Erick mengatakan bahwa di tengah era digitalisasi yang menuntut proses bisnis dilakukan dengan cepat, tata kelola BUMN harus mampu mengimbangi kebutuhan tersebut.
"Contohnya saja misalkan bagaimana kok menutup (BUMN) saja lama sekali, merestrukturisasi kami butuh waktu 9 bulan. Padahal di era digital dinamika berusaha ada percepatan luar biasa, ketika kemarin perusahaan untung, besok bisa langsung rugi," jelasnya.
Artinya, waktu 9 bulan cukup lama hanya dengan memfokuskan diri pada satu program saja. Sementara, dalam pasar terbuka, perusahaan swasta justru masih melakukan invasi bisnisnya.
Untuk menjadi pemenang di pasar terbuka, kata Erick, diperlukan perbaikan regulasi. Sebab, aturan juga menjadi dasar dari perbaikan kinerja perusahaan pelat merah.
"Jadi, saya rasa kunci daripada UU BUMN ini menjadi penting karena keturunannya di situ ada PMN, dan juga kinerja dari perusahaan yang bisa kita lakukan, apakah restrukturisasi, di merger, atau diperkuat untuk menjadi champion," tuturnya.
Perusahaan terbitkan surat utang untuk bonus
Dalam revisi beleid itu salah satunya akan mengatur terkait dividen, Erick mengatakan bahwa pembagian keuntungan memang dilakukan karena kinerja keuangan yang benar-benar sehat, bukan hasil polesan.
Namun, kata Erick, kadang kala BUMN memoles kinerja keuangan mereka agar nampak sehat, padahal baru saja menambah utang.
"Dividen itu harus dilakukan memang sesuai dengan kinerja perusahaannya, tidak dari polesan-polesan buku. Kadang perusahaan menerbitkan surat utang untuk bonus dan tantiem. Kami di tahun pertama (menjabat di Kementerian BUMN) menemukan itu," jelasnya.
BACA JUGA:
Menurut Erick, langkah perusahaan yang melakukan pinjaman utang untuk memberikan bonus sangat tidak beretika. Karena itu, ia menekankan praktik-praktik seperti ini harus dihukum.

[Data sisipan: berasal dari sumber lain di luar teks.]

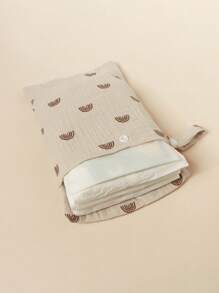 1pc Cartoon Rainbow Bear Print Diaper Stacker, Baby Stroller Hanging Organizer Bag, Nursery Room Decor & Outdoor Use
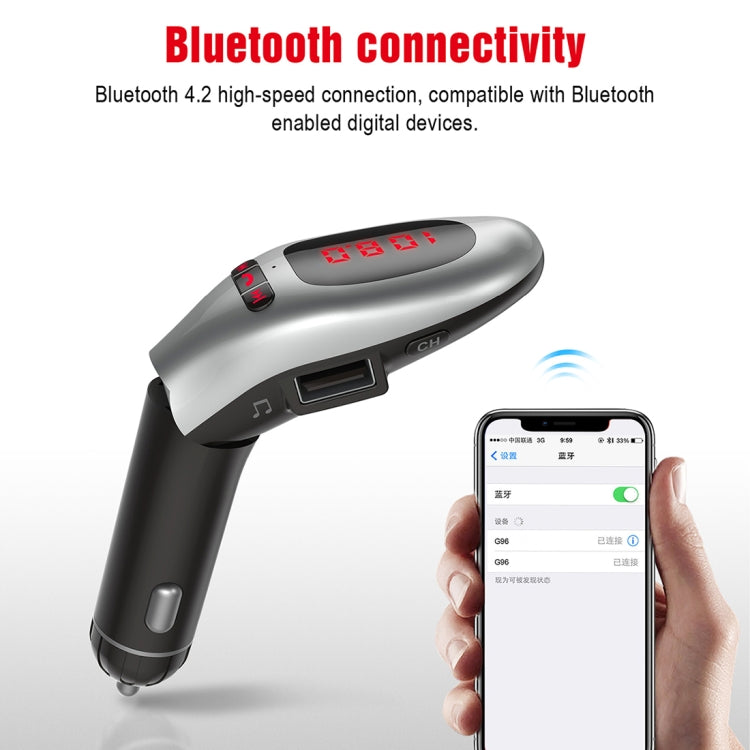G96 LED Screen Wireless Bluetooth FM Transmitter MP3 Music Player Car Kit Charger, with Handsfree, Dual USB Charging Port, A2DP Function, Support TF Card & U Disk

"Ini sesuatu yang menurut saya sangat tidak beretika. Tentu ini menjadi sebuah hal yang semestinya di hukum. Hal inilah yang memang harus dijaga," tuturnya.
Perjelas pemberian PMN
Erick bilang, lewat RUU BUMN maka akan semakin memperjelas pemberian PMN kepada perusahaan pelat merah. Sehingga, kata dia, hanya BUMN yang benar-benar membutuhkan yang akan mendapatkannya, dan juga menyesuaikan kemampuan perusahaan. Sekaligus untuk memastikan penggunaannya jelas.
"Tentu PMN dengan UU BUMN ini yang kami harapkan bisa jadi peta besar juga, bahwa PMN itu mesti ada konteks yang jelas. Kalau memang itu penugasan maka itu harus dilangsungkan, tetapi jika secara korporasinya tidak kuat, maka ini harus jadi jelas dananya," katanya.
Menurut Erick, RUU BUMN sekaligus memperkuat peran Kementerian BUMN dalam mengambil tindakan terhadap perusahaan pelat merah yang sedang bermasalah. Seperti untuk mengambil keputusan restrukturisasi, merger, atau malah memperkuat perusahaannya.
Dengan langkah ini, Erick berharap bisa mengingkatkan kualitas perusahaan pelat merah sehingga semakin berdaya saing di tingkat global. Terlebih saat ini semakin sedikit BUMN yang merambah pasar global, hanya ada 4 BUMN yang bertahan di pasar global.